Sincere faith and sincere idealism rarely bring anything good to the person who believes in them and adheres strictly to their principles. The best indicator of this is a case from Skopje that has long since succumbed to the ravages of time to the extent that even Google remains deaf and mute when searching for it.
Tome Stojanovski, a 34-year-old electrician from the village of Gorno Konjari, was a poster-boy for Yugoslav socialism and workers' self-government. After finishing primary school, he went to Skopje to learn a trade at the Kuzman Josifovski factory, from where he went to serve in the Yugoslav National Army to return and get a job at the Ministry of Labor. From there, he found his way to the Skopje Brewery in early 1965. Hardworking, hardworking and honest to the point of naivety, Tome was a member of all possible youth and `senior` communist organizations, a member of the workers` council of the enterprises in which he worked and in the Brewery he quickly became the president of the union branch. Maybe he was on a sure path to becoming the Macedonian Alija Sirotanović, who knows?

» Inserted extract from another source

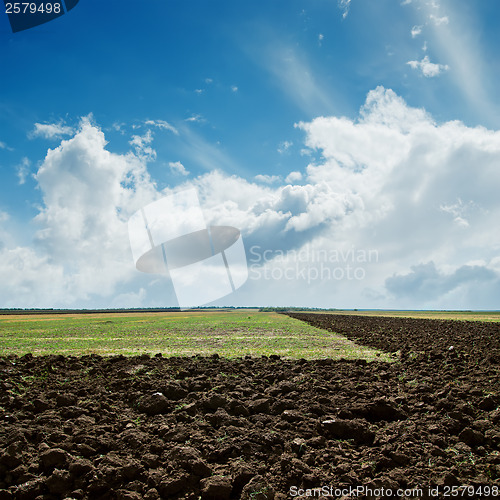 Image of green and plowed fields under cloudy sky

And everything would have been phenomenal and the road to Marx`s paradise open if Tome, due to his character, had not come into conflict with the reality in which the factory management was prone to malfeasance. Although ridiculous from today`s point of view, the irregularities in the work of the directors expressed in the protection of `suitable` employees, the employment of relatives and their placement in less demanding jobs as well as the promotion of the position that logically belonged to Tome - led to an unexpected climax...
Tome, as a union member, often criticized and called to account the managers of the Brewery who were city powerhouses at that time. Tome was probably a true supporter of self-management, but what did that matter to him when he was fired from his job in January 1966? Tome believed in the system and raised the issue of his dismissal before the municipal party committee...a move that not only did not help him but also led to his expulsion from the party!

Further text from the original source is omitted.